Une fois les rudiments de l’organisation avec un enfant intégrés, j’ai persisté malgré l’arrivée du deuxième, sachant que le premier marchait et que le poids des corvées s’en trouvait démultiplié. Mmmhh, les fresques au stabilo sur le mur du couloir, le biberon de chocolat chaud dévissé et reversé sur le tapis du salon… Tenir la maison dans un ordre acceptable devenait de plus en plus exigeant. Je mangeais mes haricots (sans sucre) en espérant atteindre ensuite le dessert qui s’éloignait inexorablement, comme la ligne d’horizon. Jamais de dessert.
Jamais ce moment-récompense de lecture, de musique, de promenade toute seule, de sieste, parce que les haricots n’étaient pas terminés.
Chère Fabuleuse, laisse-moi te confier un secret : l’assiette de haricots ne se vide JAMAIS !

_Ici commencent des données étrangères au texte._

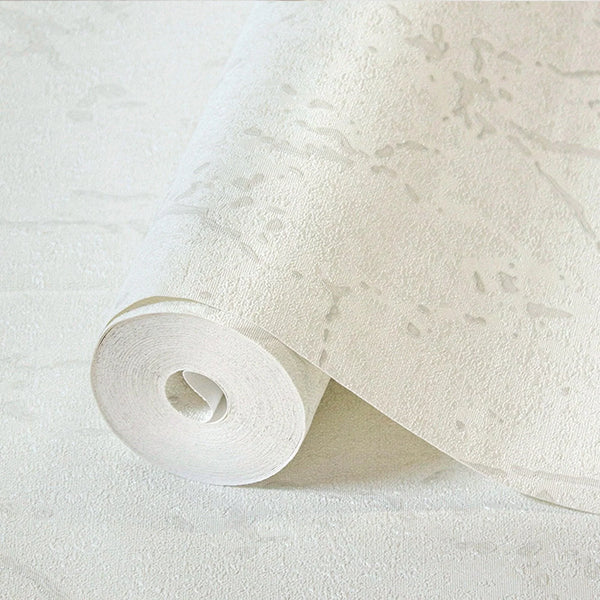 White Plain Abstract Embossed Wallpaper, Rich Textured Mdern Shimmering Accent Wall Decor - Walloro High End Wallcoverings & More
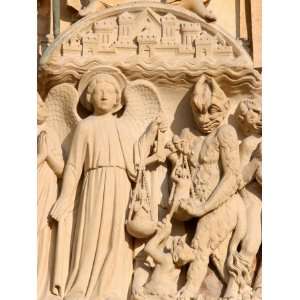 Sculpture of the Last Judgment, Notre Dame De Paris Cathedral, Paris 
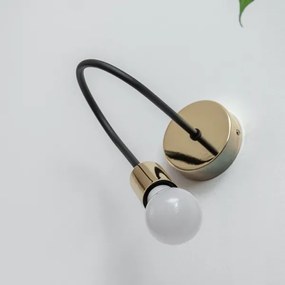 Nástenné svietidlo OXFORD 1xE27/15W/230V zlatá/čierna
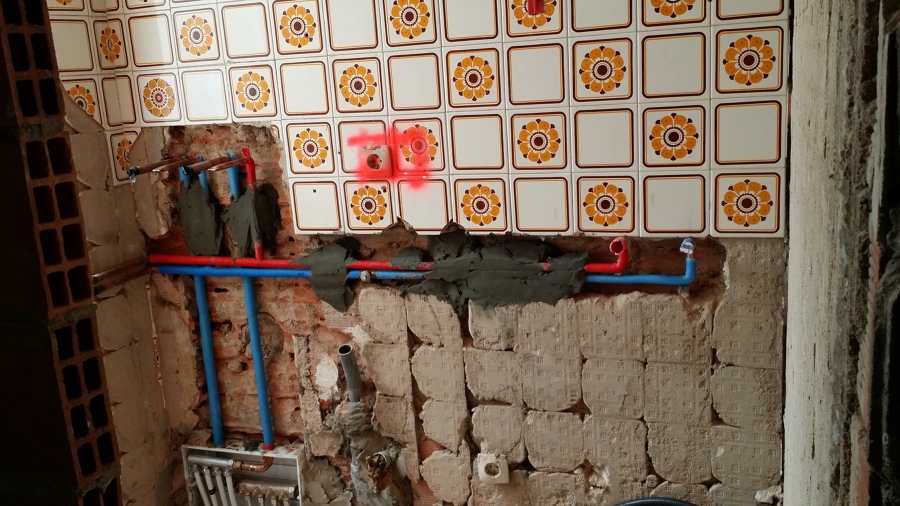 Lavadero, estado en obras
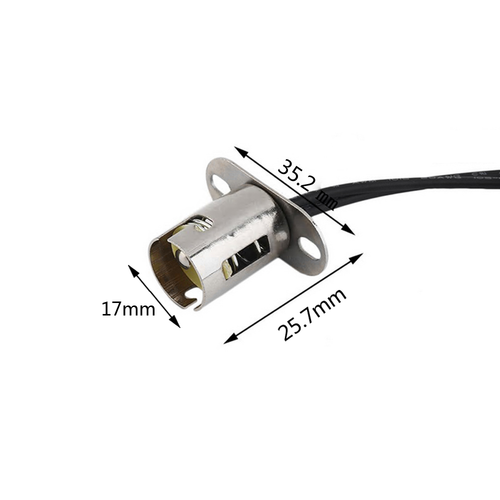 2pcs Car 1157 BAY15D LED Light Lamp Bulb Socket Holder Adapter Wire Connector - Picture 4 of 14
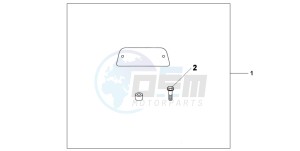 VT750C2 VT750C2 drawing CH BKRST PLATE(LO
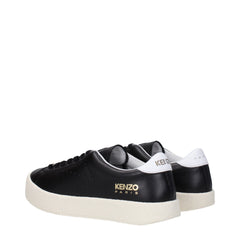 Kenzo Black Leather Low Tops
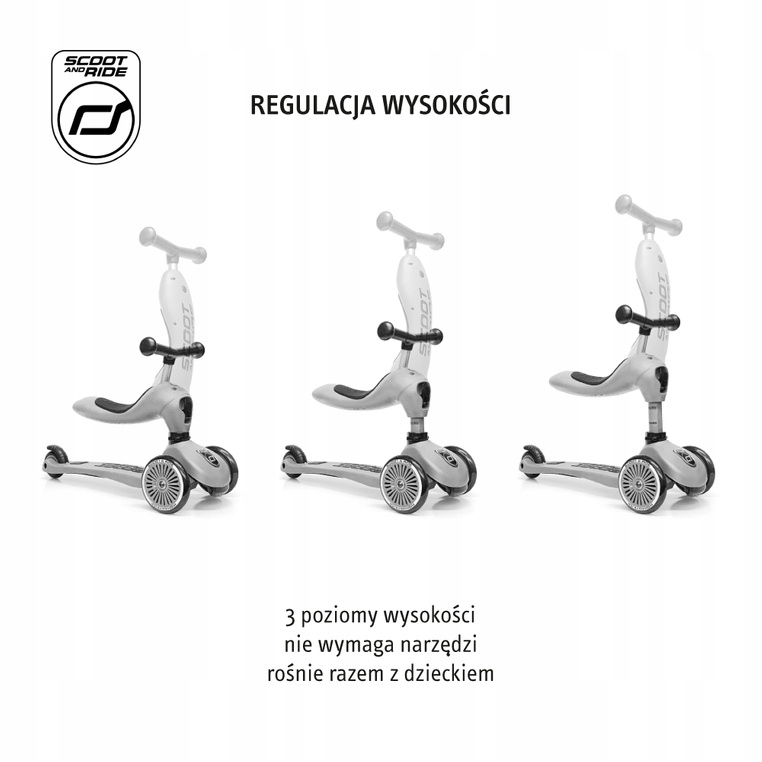 Scoot and Ride Highwaykick 1 Push and Go 2w1 Jeździk i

Si comme moi, comme Fleur-Lise, tu attends consciencieusement de les avoir terminés pour enfin te faire plaisir, tu risques de te dessécher bien avant l’heure et de grincer : « Du temps pour lire ? Vous rigolez ou quoi, avec tout ce qu’il y a à faire ? ». Nous ne sommes plus des élèves qu’une force supérieure décide de récompenser pour ses bonnes notes, au moment du bulletin scolaire. La vérité, c’est que la vie de maman ne prévoit pas ces moments de bilan, comme celui du carnet de notes en fin d’année, parce que ça ne s’arrête jamais.
Il faut donc aménager des moments de récompense, même lorsque les haricots verts continuent de tomber dans l’assiette, nous n’avons pas le choix !
Alors tu décides : soit tu manges le dessert avant les haricots, comme le suggère le Fabuleux de Fleur-Lise, soit tu les saupoudres de sucre. Les deux stratégies ont du bon ! Si tu te présentes devant ton assiette de haricots avec la satisfaction d’avoir dégusté récemment un excellent dessert (ou un saucisson, pour les becs salés), tu seras sans doute davantage encline à compléter ce shoot de sucre (ou de gras) avec une bonne dose de fibres. Je reconnais qu’après m’être accordé une heure de sport à l’association de mon village (une expérience qu’il faudra que je te raconte un jour), alors même que la panière à linge déborde, j’ai une énergie à faire tourner le lave-linge rien qu’en le regardant. De la même manière, Fleur-Lise devient une machine à traiter la paperasse, pour peu qu’on lui ait laissé une heure pour dessiner tranquillement.
Si tu n’as pas de temps pour faire ce qui te plaît, vole-le !
L’option de sucrer ses haricots est intéressante sur le court terme, pour faire passer la pilule. Il s’agit de trouver le moyen d’enchanter tes corvées :
- leur trouver du sens, parce que c’est de l’amour que tu donnes, quand tu repasses un col froissé.
- les agrémenter d’une playlist qui te booste, d’un film que tu regardes d’un œil en épluchant tes patates, d’une plaque de chocolat que tu picores en remplissant des formulaires Cerfa…
Sucrer les haricots, c’est exactement ce qui « aide la médecine à couler » comme le chantait Mary Poppins, mais cela ne dispense pas de s’offrir le luxe de sauter à pieds joints dans un dessin peint sur le pavé et de s’évader quelques heures, loin de l’assiette de haricots.
Et toi, chère Fabuleuse, quelle est ta stratégie ?
(Et pardon pour toutes les fans de haricots, j’adore ça aussi, mais c’était trop risqué de vous faire sucrer du céleri rémoulade. Au moins, les haricots, j’ai testé.)